The reunion was a rare case of parts from the same ancient figure being brought together after a long separation.

The museum plans to join the left leg to the the figure and show the nearly full body this autumn.

Long a fixture exhibit, the upper body, which measures 15 centimeters in height and 16 cm wide at the shoulders, is also the model for the museum’s promotional character Keppatsu-chan.

The left leg, which had been in the possession of the Sagae city government in Yamagata Prefecture, was added to the exhibit in January after an archaeologist discovered that the cross-section surface of the leg portion matched that of the upper body of the figure.

The upper body and leg were unearthed at the Ishida archaeological site in Sagae around 1921 during railway work.

They were among pieces from the periods of Jomon Pottery Culture (c. 14,500 B.C.-1,000 B.C.) and Yayoi Pottery Culture (1,000 B.C.-A.D. 250).

Matasaburo Adachi, a landowner in the area, initially owned the two pieces.

He donated the upper body to a local board of education, and it was eventually transferred to the museum.

The left leg, along with many other Jomon Pottery Culture items excavated at the site, was presented to the Sabae city government in 2015.

“Officials concluded that the upper body should be put on display because it was easy to tell that it is a clay figure,” said Miyuki Oshino, a researcher at the museum. “But they missed the left leg apparently because it was buried with many others.”

Yoshihiro Aita, a professor of archaeology at Koriyama Women’s College in Fukushima Prefecture, pointed out that the leg might belong to keppatsu dogu when he visited Sagae in June.

The following month, Aita, a graduate of Yamagata University, proved his theory when he put the left leg and the upper body together.

He said the leg may have been severed during the excavation, noting the relatively new cross-section surfaces.

The Sagae municipal government presented the leg portion to the Yamagata University Museum in November.

Oshino said the museum has no clues on the whereabouts of the other leg because documents submitted to the Sagae city government when the left leg was donated did not list the right leg.

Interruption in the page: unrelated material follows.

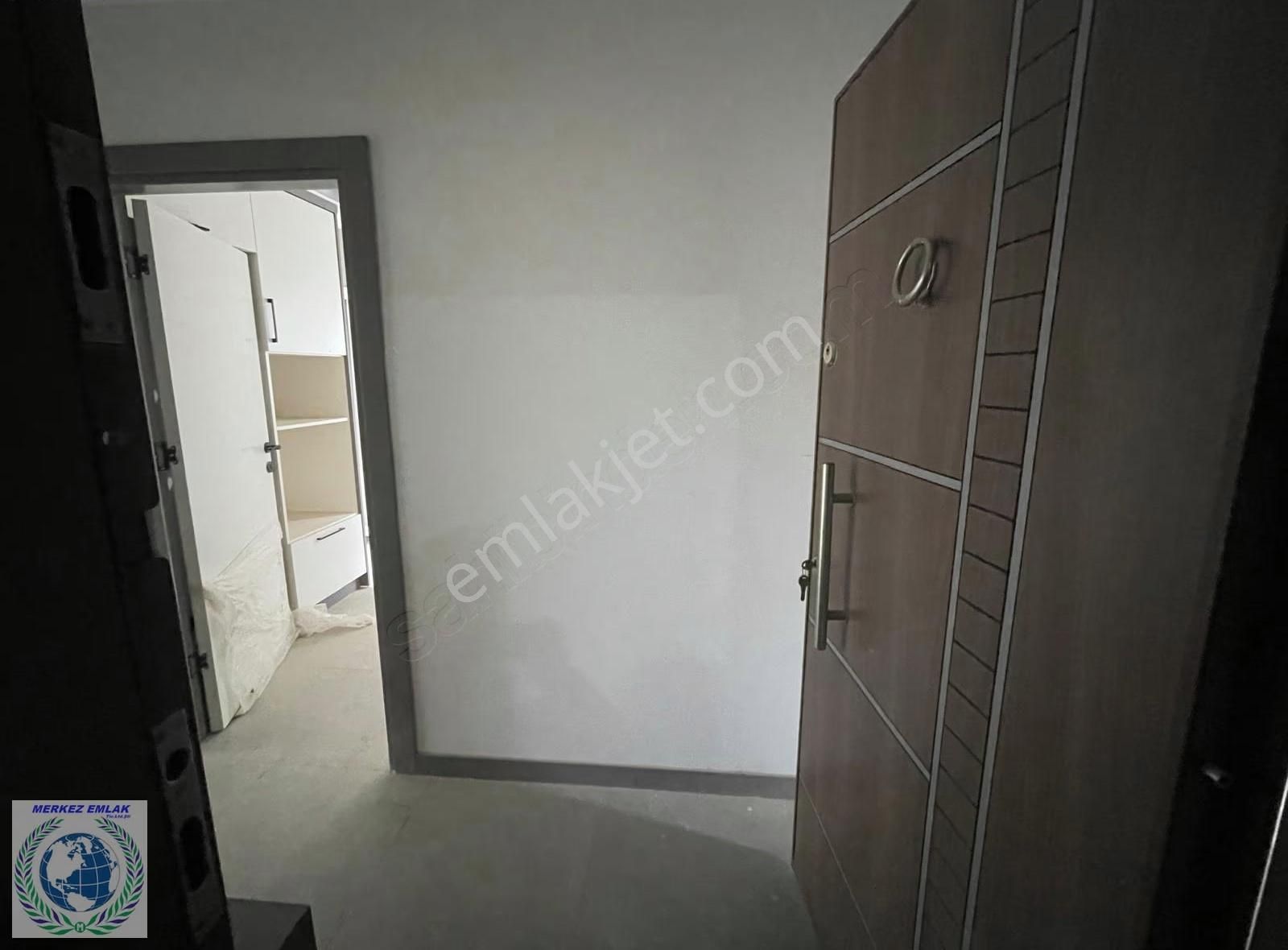 Ünsalda Satılık 2+1 90m2 3. Kat Daire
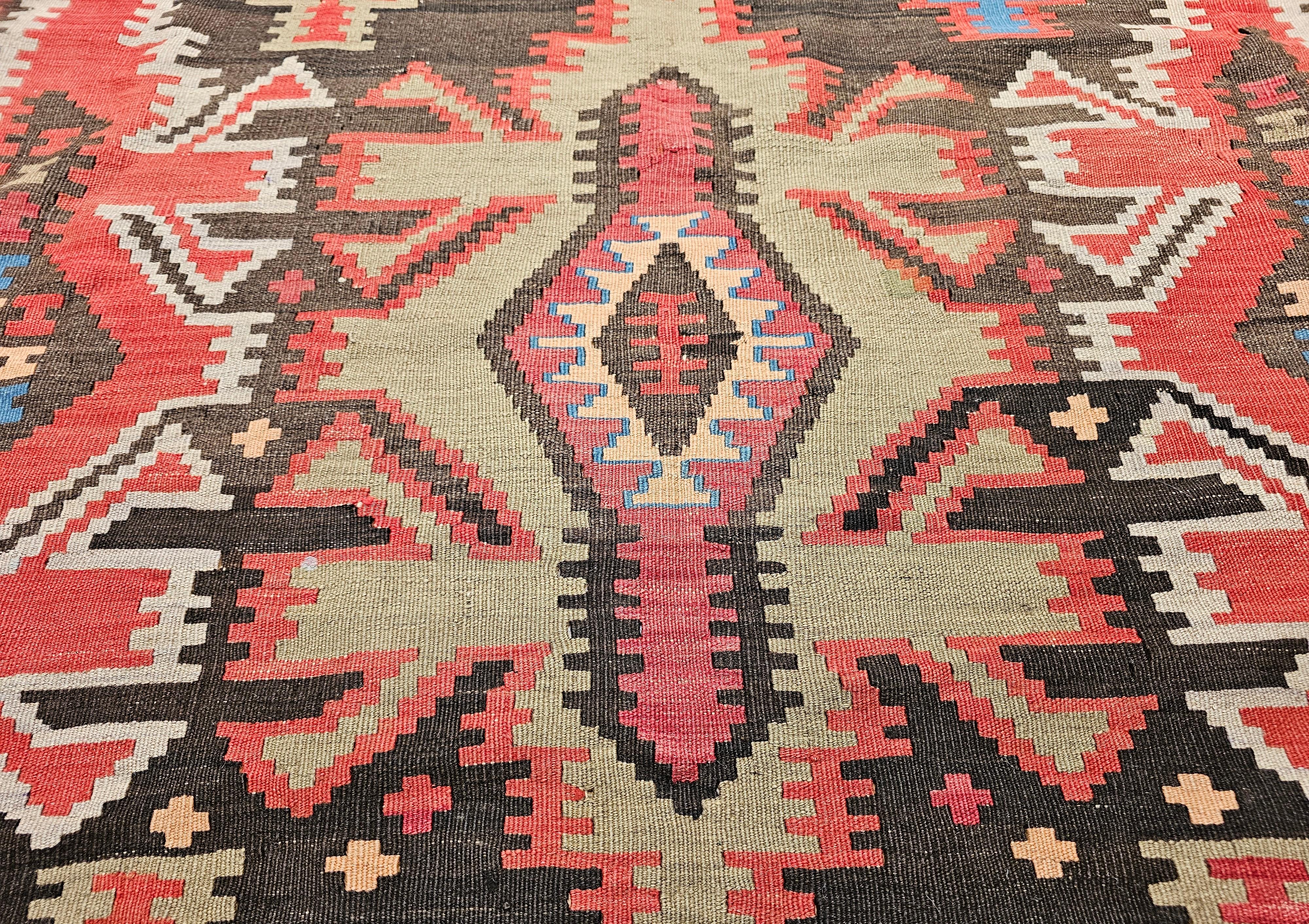 Kilim caucasien vintage en vente 4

Similar reunions have occurred, but they often involve a bit of luck.

The upper and lower parts of a clay figurine dug up at the Kamaishi Kanjo Resseki archaeological site in Hachimantai, Iwate Prefecture, were rejoined in 2012 after 3,000 years of separation.

Based on the aged cross-section surfaces of the two parts, researchers concluded the figure was sheared into two during the Jomon Pottery Culture period.

The lower half, which was discovered in 1953, was in the possession of Keio University in Tokyo, while the upper half was kept by an individual.

It is not known when the upper half was excavated.

Katsue Yagi, an expert at the public-interest Buried Cultural Property Investigation Center in Morioka, Iwate Prefecture, deduced that the two pieces belonged together from her memory.

When she studied the lower half at Keio University, she recalled photos of the upper part that showed similar features.

“When historical parts are preserved separately, there are fewer chances to confirm that they are actually from one piece,” Yagi said. “Researchers should determine whether the pieces belong to one figure by using the knowledge stored in their brains about the time the parts were made as well as their characteristics.”

In 2000, an elementary school boy accidentally came across an upper half of a clay doll from the Jomon Pottery Culture period at the Sunazawa archaeological site in Hirosaki, Aomori Prefecture.

Nine years later, a researcher discovered a lower part, which was later confirmed to be from the same figure.

The doll, called the “figure of miracle,” is shown at the Hirosaki city museum.